ACIS

24.0 Huffman Table Data Compression (36-53233 A)

24.1 Purpose

The Huffman data compression function provides the capability to significantly reduce the telemetry required to transfer the acquired data.

24.2 Uses

A method of copying the selected Huffman table from I-Cache to D-Cache.
A method of converting a set of values to packed Huffman codes.
A method of packing uncompressed data values.
A method of processing with truncated Huffman codes.
A means of appending additional buffer of codes to an existing one.

24.3 Organization

Figure 1 illustrates the relationship between the classes used by the Huffman Table Data Compression.

FIGURE 100. Huffman Table Data Compression Class Relationships

The HuffmanTable uses the Executive and Protocols, class categories.

HuffmanTable- This function is responsible for converting data into Huffman codes.

Mongoose - This class provides a quick copy from I-Cache to another memory location. It is a subclass of Executive.

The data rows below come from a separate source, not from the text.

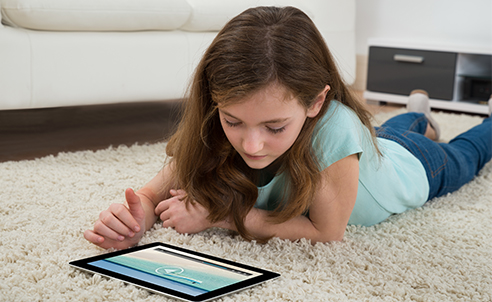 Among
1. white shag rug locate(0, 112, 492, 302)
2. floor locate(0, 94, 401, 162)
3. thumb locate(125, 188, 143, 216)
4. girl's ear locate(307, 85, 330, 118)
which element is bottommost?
floor locate(0, 94, 401, 162)

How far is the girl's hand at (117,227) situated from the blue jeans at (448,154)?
71 cm

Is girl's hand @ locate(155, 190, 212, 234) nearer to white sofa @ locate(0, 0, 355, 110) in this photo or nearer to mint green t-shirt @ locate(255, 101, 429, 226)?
mint green t-shirt @ locate(255, 101, 429, 226)

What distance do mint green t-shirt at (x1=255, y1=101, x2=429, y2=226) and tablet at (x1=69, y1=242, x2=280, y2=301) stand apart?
19 centimetres

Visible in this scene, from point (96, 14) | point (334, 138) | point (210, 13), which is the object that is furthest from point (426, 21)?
point (334, 138)

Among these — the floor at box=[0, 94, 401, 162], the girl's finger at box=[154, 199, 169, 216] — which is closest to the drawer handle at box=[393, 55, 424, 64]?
the floor at box=[0, 94, 401, 162]

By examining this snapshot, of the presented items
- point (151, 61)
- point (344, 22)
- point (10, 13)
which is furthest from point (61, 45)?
point (344, 22)

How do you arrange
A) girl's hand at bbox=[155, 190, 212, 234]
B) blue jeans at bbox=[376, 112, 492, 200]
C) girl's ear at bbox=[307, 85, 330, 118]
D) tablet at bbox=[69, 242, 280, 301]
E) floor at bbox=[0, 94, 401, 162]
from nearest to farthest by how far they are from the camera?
tablet at bbox=[69, 242, 280, 301] → girl's ear at bbox=[307, 85, 330, 118] → girl's hand at bbox=[155, 190, 212, 234] → blue jeans at bbox=[376, 112, 492, 200] → floor at bbox=[0, 94, 401, 162]

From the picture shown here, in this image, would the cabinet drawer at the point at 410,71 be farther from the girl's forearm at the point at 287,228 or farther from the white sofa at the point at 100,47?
the girl's forearm at the point at 287,228

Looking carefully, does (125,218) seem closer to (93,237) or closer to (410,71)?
(93,237)

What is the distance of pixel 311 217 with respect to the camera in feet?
3.02

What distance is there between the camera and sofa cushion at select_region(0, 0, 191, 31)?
1.42 meters

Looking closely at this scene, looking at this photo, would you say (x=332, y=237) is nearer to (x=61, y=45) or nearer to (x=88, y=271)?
(x=88, y=271)

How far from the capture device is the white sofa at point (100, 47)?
1.42 m

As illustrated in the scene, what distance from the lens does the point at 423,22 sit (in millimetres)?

A Huffman table is generated by determining the statistical frequency of occurrence of each of the values which makeup the data set. The codes are distributed according to each values position in that distribution. The values which appear most frequently are given the shortest Hoffman code strings (number of bits), those least frequently encountered are assigned the longer codes. Each table entry consists of a set of bits (code) and the number of bits in that set. To use the table; as each value in the data being compressed is encountered, its corresponding code is installed (abutted) in the compressed data buffer. The number of words compressed and a buffer filled with adjacent variable length sets of ones and zeros results.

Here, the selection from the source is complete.